Everything, however, has its limits. My torture has reached the extreme. My health is broken, my strength and my energy are waning, the end is drawing near. To die in a Soviet prison, branded as a vile traitor to the Fatherland – what can be more monstrous for an honest man? And how monstrous all this is! Unsurpassed bitterness and pain grips my heart. No! No! This will not happen; this cannot be, I cry. Neither the Party, nor the Soviet Government, nor the People’s Commissar, L. P. Beria, will permit this cruel, irreparable injustice. I am firmly certain that, given a quiet, objective examination, without any foul rantings, without any anger and without the fearful tortures, it would be easy to prove the baselessness of the charges. I believe deeply that truth and justice will triumph. I believe. I believe.
— cquote

Brought in front of a Military Collegium he was – very unusually – acquitted, but was still in custody after the German invasion of the USSR. He was evacuated from Moscow on Beria's instructions, and taken with other prisoners to a village in Kuibyshev (Samara), and shot on 28 October 1941.

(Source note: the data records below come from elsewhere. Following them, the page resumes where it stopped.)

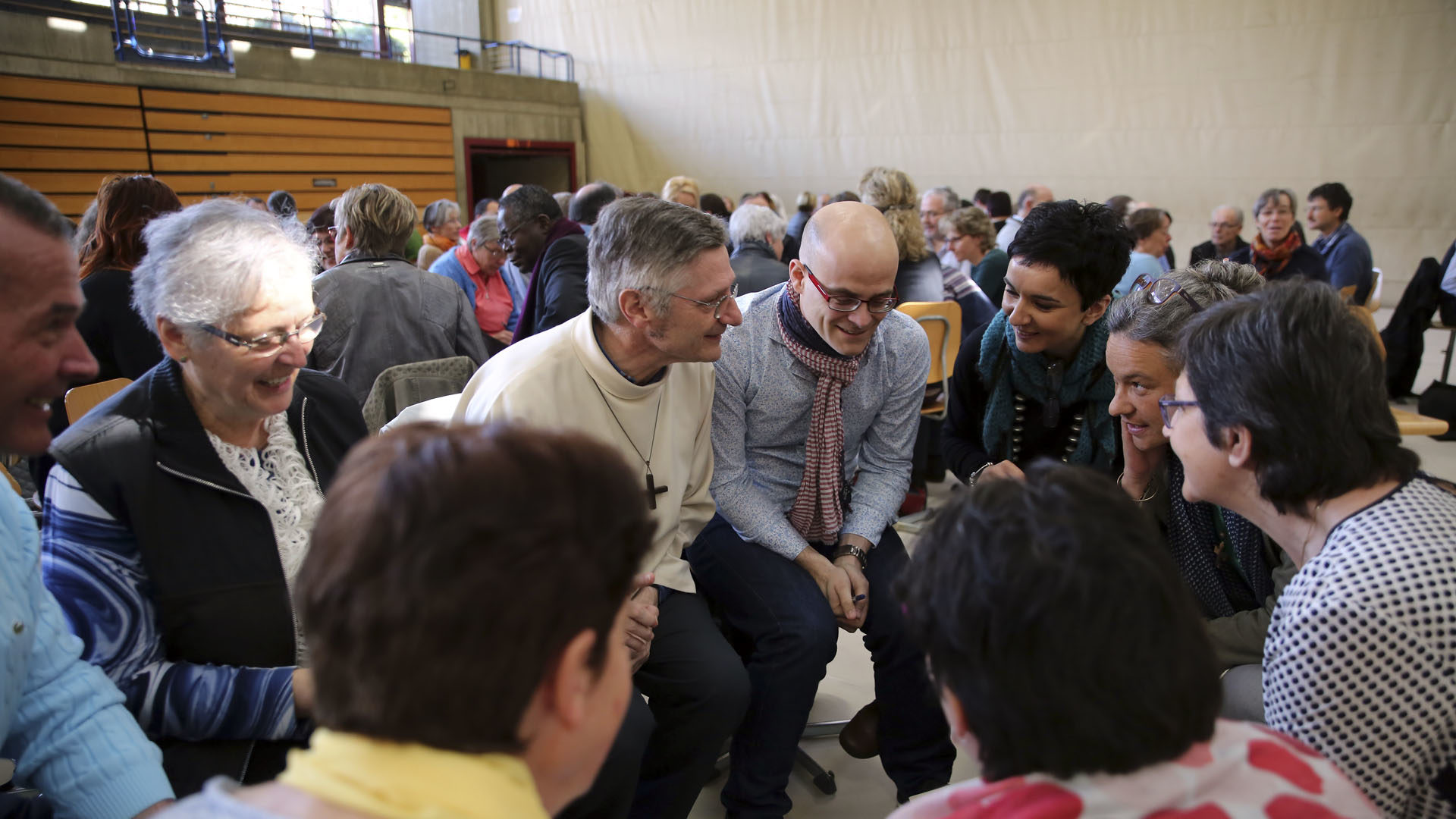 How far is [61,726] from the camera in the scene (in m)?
1.07

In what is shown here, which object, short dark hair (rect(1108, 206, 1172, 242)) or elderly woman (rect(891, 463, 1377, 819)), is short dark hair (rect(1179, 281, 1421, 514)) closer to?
elderly woman (rect(891, 463, 1377, 819))

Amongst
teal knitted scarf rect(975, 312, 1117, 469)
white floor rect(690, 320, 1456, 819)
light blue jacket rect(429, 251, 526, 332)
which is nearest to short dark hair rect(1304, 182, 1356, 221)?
teal knitted scarf rect(975, 312, 1117, 469)

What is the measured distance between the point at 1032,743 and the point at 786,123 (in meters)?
10.9

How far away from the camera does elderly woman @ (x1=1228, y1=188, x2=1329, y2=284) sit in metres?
4.82

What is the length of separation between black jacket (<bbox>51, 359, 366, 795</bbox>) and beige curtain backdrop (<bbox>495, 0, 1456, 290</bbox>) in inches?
373

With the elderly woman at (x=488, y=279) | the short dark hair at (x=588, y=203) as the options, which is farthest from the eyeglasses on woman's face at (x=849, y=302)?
the short dark hair at (x=588, y=203)

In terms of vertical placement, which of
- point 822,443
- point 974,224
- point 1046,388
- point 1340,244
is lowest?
point 822,443

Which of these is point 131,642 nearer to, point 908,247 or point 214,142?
point 908,247

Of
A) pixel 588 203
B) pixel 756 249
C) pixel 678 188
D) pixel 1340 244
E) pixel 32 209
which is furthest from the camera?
pixel 678 188

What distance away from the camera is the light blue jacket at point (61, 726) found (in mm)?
1054

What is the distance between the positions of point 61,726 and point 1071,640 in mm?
1188

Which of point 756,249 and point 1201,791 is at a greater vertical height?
point 756,249

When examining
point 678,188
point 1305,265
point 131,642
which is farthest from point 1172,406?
point 678,188

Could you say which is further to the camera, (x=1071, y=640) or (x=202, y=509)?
(x=202, y=509)
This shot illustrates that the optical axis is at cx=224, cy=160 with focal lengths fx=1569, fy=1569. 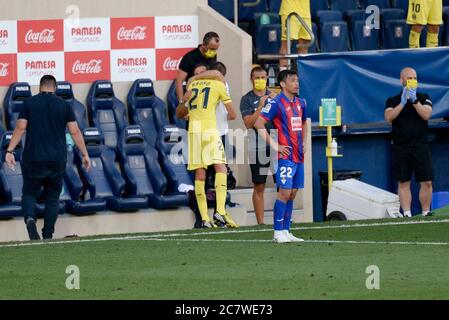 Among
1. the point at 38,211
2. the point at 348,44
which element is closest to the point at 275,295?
the point at 38,211

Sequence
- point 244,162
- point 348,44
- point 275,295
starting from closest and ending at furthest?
1. point 275,295
2. point 244,162
3. point 348,44

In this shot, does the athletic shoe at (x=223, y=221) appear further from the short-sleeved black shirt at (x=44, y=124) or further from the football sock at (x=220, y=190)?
the short-sleeved black shirt at (x=44, y=124)

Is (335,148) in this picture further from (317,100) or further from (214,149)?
(214,149)

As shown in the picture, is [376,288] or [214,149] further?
[214,149]

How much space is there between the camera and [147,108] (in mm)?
21469

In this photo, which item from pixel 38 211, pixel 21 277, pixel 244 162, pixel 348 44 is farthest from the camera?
pixel 348 44

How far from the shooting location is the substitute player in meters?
15.9

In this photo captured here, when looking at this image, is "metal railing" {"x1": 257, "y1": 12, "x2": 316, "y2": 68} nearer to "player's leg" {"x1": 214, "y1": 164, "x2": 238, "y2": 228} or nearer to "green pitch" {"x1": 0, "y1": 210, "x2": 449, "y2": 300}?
"player's leg" {"x1": 214, "y1": 164, "x2": 238, "y2": 228}

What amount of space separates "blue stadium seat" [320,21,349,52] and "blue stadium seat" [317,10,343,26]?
0.74 feet

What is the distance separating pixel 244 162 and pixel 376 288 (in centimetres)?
886

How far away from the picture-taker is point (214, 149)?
60.3ft

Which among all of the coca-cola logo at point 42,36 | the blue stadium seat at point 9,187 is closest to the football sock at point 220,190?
the blue stadium seat at point 9,187

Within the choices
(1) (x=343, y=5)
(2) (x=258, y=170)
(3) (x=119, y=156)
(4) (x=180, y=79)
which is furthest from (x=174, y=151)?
(1) (x=343, y=5)

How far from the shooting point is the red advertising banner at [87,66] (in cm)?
2138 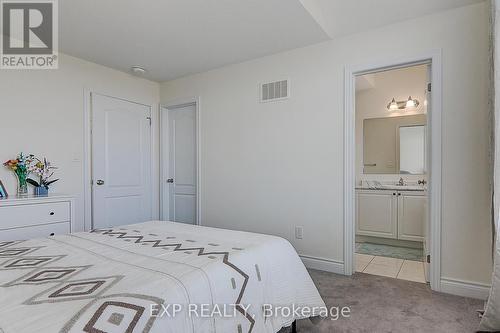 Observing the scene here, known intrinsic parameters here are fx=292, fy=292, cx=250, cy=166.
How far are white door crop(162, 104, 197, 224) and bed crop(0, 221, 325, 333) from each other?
2.15 m

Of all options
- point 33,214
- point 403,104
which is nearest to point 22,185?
point 33,214

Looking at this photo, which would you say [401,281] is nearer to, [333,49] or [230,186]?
[230,186]

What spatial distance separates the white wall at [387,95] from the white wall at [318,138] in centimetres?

== Posthumous reputation ==
Soviet leader Nikita Khrushchev had decided to denounce crimes committed by the secret police during Stalin's time, but needed to retain the support of Cheka's successor organisation, the KGB. Khrushchev had ordered the execution of Beria, and therefore had a motive for stressing Beria's role in the repression. Kedrov consequently suited his purpose, as a former Chekist who was not implicated in the purges of the 1930s and whose murder could be attributed to Beria personally.

The extract from Kedrov's letter to Andreyev, quoted above, was read out by Khrushchev during his famous Secret Speech to the 20th Party Congress of the Soviet communist party in 1956. Khrushchev's renewed campaign against the neo-Stalinists was accompanied by a detailed account of Kedrov's and Beria's mutual enmity, in Leningradskaya Pravda, 25 February 1964. He was profiled again in Izvestya, 7 November 1970, and there was a 90th birthday tribute in Pravda 24 February 1978, when postage stamps were issued in his honour. Streets were named after him in Arkhangelsk, Moscow and Kotlas. A whole page of Pravda was devoted to Mikhail and Igor Kedrov, 17 February 1989.

A petition calling for Kedrov Street in Arkhangelsk to be renamed was blocked by the authorities in 2016.)